To be fair to them they have traditionally had to struggle with chronic under-declaration of sale prices, with undeclared ‘B’ money cash payments on which transfer and capital gains tax was not paid, often being a substantial percentage of the price. So the tax authorities worked out a scheme and put into law that effectively the tax is levied on the higher of a notional 'market' value for the property or the price at which it is sold.
This ‘notional’ value is calculated by applying a multiplier to the Catastral Value, which is a capital value estimate calculated for every property registered in Andalucía. It's the one that the annual property tax payment, the IBI, is calculated. As there are a huge number of properties, these Catastral values are regularly reviewed in rolling programme of Municipalities to reflect how market values change.
Thus, to achieve the ‘notional’ value, each municipality has it's own multiplier depending upon when the Catastral Value was last revised. For example, currently Estepona revalued in 2008, has a multiplier of 1.3, whilst neighbouring Benahavis has a multiplier of 3.2, not having been revalued since 1996. Right, so that all seems fair enough although it is effectively a bit of a ‘post code lottery’.

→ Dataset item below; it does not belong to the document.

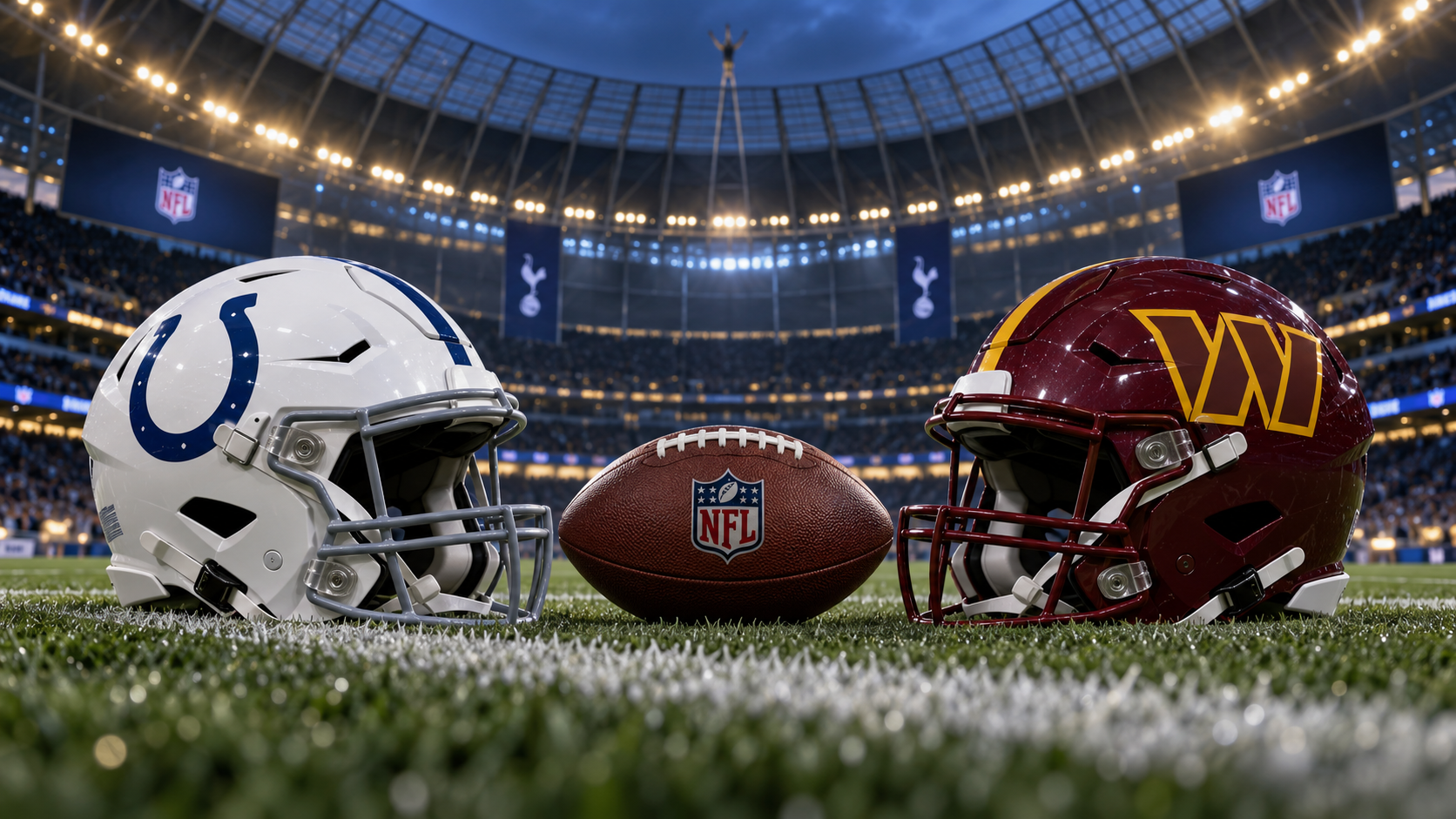 Editorial illustration of Indianapolis Colts and Washington Commanders team equipment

HOWEVER, let’s assume that you are desperate to sell, ‘distressed’ as it is termed, and you sell your ‘Bargain’ property at a genuine total price of say 300,000€ euros. BUT if the ‘notional’ value calculation shows say 400,000€ euros, it’s that latter value that the tax has to be paid on.
It affects both Capital Gains Tax and the 7% Transfer Tax, so both the Seller and the Buyer are hit. If the taxes are paid ‘only’ on the full price actually paid, which any honest buyer and seller would do unless the lawyers advising their clients point out this problem, the additional tax bill based on the ‘notional’ value can arrive many months after the sale.
If it's not promptly paid, bank accounts and other property can be embargoed. There is a right of appeal, but that involves getting independent valuers to provide reports showing the sale price was ‘fair’. But what if they cannot? What if the price was well below the market because the ‘distressed’ seller had to attract any buyer to urgently get ‘immediate’ money that maybe didn’t relate to the market value of the property.
Plus they will have the inevitable accountants and lawyers fees. All because the tax authorities have assumed, without any direct evidence whatsoever, that the buyer and seller are evading tax, which is now officially criminal money laundering.
Surely this cannot be right as it's ‘hitting a man when he is down’. Both buyers and sellers are being branded as criminals and forced to pay tax on non-existent money.